According to Indian mythology, avatars are the benevolent god Vishnu’s incarnations on earth, the forms the god assumed when he came down to earth to help mankind. The concept reappears in many religions as a term for “helper”. Today the word can also mean the character one assumes in role-play, a figure who represents you in virtual worlds on the Internet.

In the blossoming new economy in the end of the nineties, the Swedish unions were in a crisis. Young people were not interested in traditional politics, the preferred to play role playing games and create new digital dreams.
When invited to participate in the exhibition Avatar, about new media, I found the union an interesting theme for my project. The idea grew out of a conflict between me and the organisers of the exhibition. I suggested to present my own personal “avatar”, a union spokes person, who helped me to negotiate with former employers, and now helped me to negotiate with Riksutställningar (Swedish Travelling Exhibitions).

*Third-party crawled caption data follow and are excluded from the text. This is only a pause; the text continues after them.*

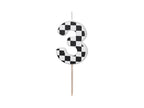 Too Fast Checkered Number Candles (1pkt/1pc)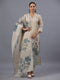 Beige Handwork Tissue Floral Print Kurti Set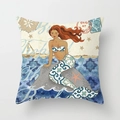 Vintage mermaid print peach skin pillow cover with nautical ocean motifs for home decor - Vintage Red Mermaid Postmark (TPR030-2) / 45x45CM (No Core)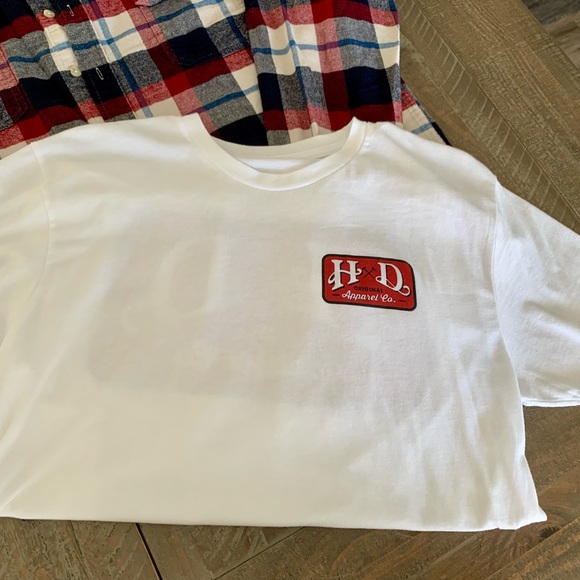 Hammer Down Tee Med & Goodfellow Flannel Sz Lrg Red White - Picture 2 of 7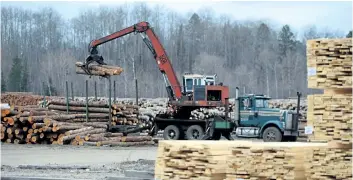 ?? SEAN KILPATRICK/THE CANADIAN PRESS ?? Logs are unloaded at Murray Brothers Lumber Company woodlot in Madawaska, Ont., on Tuesday, April 25, 2017. Canada has launched a wide-ranging attack against U.S. trade practices in a broad internatio­nal complaint over American use of punitive duties.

Björn Söderberg, union representative from the Stockholm LS Diverseförbund, has represented roughly fifty members of Syndikalisterna (the Syndicalists). In 1992, Björn represented me, a waitress at the time, in a case where my employer had filed for bankruptcy, leaving me without pay. In 1998, Björn represented me, an artist at that time, in connection with contractual issues surrounding the Avatar-exhibition. This time, the parties never entered negotiations in court and settled instead out of court, leaving me with a salary for my work with the exhibition. In return I agreed not to participate in the exhibition.

In these photos Björn poses in the physical locations where our common history took place.

Björn was a person with a great courage and strong ideas. On October 12, 1999, Björn Söderberg was murdered by three young neo-nazis outside his home in Stockholm.